Unlike my son’s comical and accurate misunderstanding, a national debate about politicking in churches includes some dangerous misunderstandings. If political activists in Washington, D.C., get their way, your pastor will soon step to the pulpit and endorse candidates for political offices. Sadly, some Southern Baptist leaders are even applauding this effort.
As Baptists, our heritage of urging separation of church and state should make us particularly leery of such politicking in the pulpits. Roger Williams, the founder of the first Baptist church in the Americas and the founder of Rhode Island, argued we need a “hedge” or “wall of separation” to protect the “garden” (the church) from the “wilderness” (the state). Other Baptist prophets have similarly spoken out, including Thomas Helwys, Isaac Backus, John Leland and George W. Truett.
Offering an alternative approach to Williams, President Donald Trump signed an executive order on May 4 encouraging churches to endorse candidates. In the midst of what was billed as a “National Day of Prayer” event in the White House’s Rose Garden, Trump moved the event from prayer to politicking as he signed the order. Former Southern Baptist Convention President Jack Graham stood approvingly behind Trump while other Southern Baptists sat nearby, including former SBC President Ronnie Floyd, former Ethics & Religious Liberty Commission President Richard Land and First Baptist Church of Dallas Senior Pastor Robert Jeffress.
Trump and the preachers gathered in his court want to repeal the so-called “Johnson Amendment,” a 1954 IRS regulation that prevents any 501(c)(3) nonprofit from engaging in partisan politics. Trump’s order did not actually repeal the regulation since that would require Congressional action, which is under consideration. Trump inaccurately claimed the rule punishes a church whose leader “speaks about issues of public or political importance.” Actually, that is allowed — and speaking out on such issues is part of our prophetic responsibility. We just cannot use tax-exempt resources to endorse candidates.

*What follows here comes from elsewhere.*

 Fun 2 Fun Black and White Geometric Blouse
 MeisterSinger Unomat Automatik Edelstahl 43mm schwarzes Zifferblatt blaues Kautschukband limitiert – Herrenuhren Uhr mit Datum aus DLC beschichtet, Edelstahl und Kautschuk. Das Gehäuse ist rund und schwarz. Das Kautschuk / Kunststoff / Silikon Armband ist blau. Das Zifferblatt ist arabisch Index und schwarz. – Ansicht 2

Houses of worship are not singled out, nor are they treated unfairly. Churches can even endorse candidates if they want — but like other groups they cannot keep their tax-exempt status and do so. Although not a church, Word&Way as a 501(c)(3) entity cannot endorse candidates. If we could, then I could run for office, put my handsome mug on the cover and declare, “Vote for me!” This would put me at a competitive advantage over my opponents since my donors could receive tax deductions for their contributions. Repealing the “Johnson Amendment” would quickly bring politicians trying to turn churches into political Super PACS where they could secretively funnel money from donors.
During his remarks on May 4, Trump claimed he would give “our churches their voices back” and make us “free.” But our voices do not come from the President, Caesar or Pharaoh. Our voices come from — and belong to — God. And the Rose Garden is not the Promised Land! Since the hissing of the snake in the Garden, those in power have been whispering to us that they can make us free if we will just take a bite. We must not eat what they offer. As Baptist prophet Tony Campolo put it, “Mixing the church and state is like mixing ice cream with cow manure. It may not do much to the manure, but it sure messes up the ice cream.” So, if a politician shows up in your church saying, “Vote for me,” it’s time to find a new church.